Dom 27.07.2003
libros

Virginia Woolf ataca de nuevo

por Martín Schifino

Virginia Woolf era una esnob. Hija de un eminente intelectual victoriano, vivió inmersa en una biblioteca más real que la realidad, desconectada de la política de la época, escribiendo una hilera de libros falsamente exquisitos, semi-histéricos, esteticistas hasta lo irresponsable, mientras con sus célebres amigos de Bloomsbury, una liga de egocéntricos que no hacían más que dorarse la pildorita el uno al otro, hablaba lánguidamente de arreglos florales, viajes a Italia, literatura francesa o el estado deplorable de la servidumbre en Inglaterra.
Éstas son, por supuesto, las acusaciones. La defensa dice más o menos así: Woolf fue una de las grandes intelectuales del siglo veinte, un modelo de integridad artística, una mente de un enorme lirismo, una víctima que se sobrepuso a abusos sexuales infantiles y a la enfermedad mental que la acosó durante décadas y, sobre todo, una feminista avant-la-lettre que les señaló el camino a las tanquetas liberadoras de los sesenta (Greer, Steinem). La historia de la lectura de Woolf está llena de pasiones genuinas, pero también de política y politiquería. Quizá convendría asumir que ambas imágenes comportan polaridades falsas y falsos énfasis. A esta altura, lo cierto es que hace falta desmitificar a la autora para poder leerla.

Escrituras del yo
Esto no quiere decir que el caso de Woolf sea sencillo. “Es una de las peculiaridades de su reputación póstuma” –escribe su biógrafa, Hermione Lee– “que la inmensa, completa extensión de su trabajo se ha revelado sólo gradualmente, modificando la idea que se tenía de Woolf en el siglo XX.” Una segunda peculiaridad es que la reevalución crítica se produjo en gran medida sobre la base de papeles privados; si el rol de Woolf como sacerdotisa del modernismo nunca fue demasiado discutible, el resto de los escritos revelaron un número mucho mayor de facetas.
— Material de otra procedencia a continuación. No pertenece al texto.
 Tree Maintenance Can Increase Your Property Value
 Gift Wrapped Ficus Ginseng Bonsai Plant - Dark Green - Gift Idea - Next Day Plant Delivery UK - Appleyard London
Aunque “resto” es una palabra mezquina. Desde la muerte de Woolf, en 1941, han aparecido regularmente, como piezas de una urna rota, varios volúmenes de diarios, cartas, ensayos literarios y periodismo misceláneo (estos últimos esperan una edición definitiva), diarios de juventud y los escritos autobiográficos reunidos con el título, no del todo preciso, de Moments of Being. Incluso haciendo a un lado los ensayos, que pendulan entre lo personal y lo profesional, esta producción supera en gran medida, en número de páginas, la obra de ficción. Relegarla pues a la categoría de documentación en su totalidad no sólo sería empobrecedor, sino fundamentalmente errado. Una imagen de Virginia Woolf como escritora debe tener en cuenta todas sus dimensiones.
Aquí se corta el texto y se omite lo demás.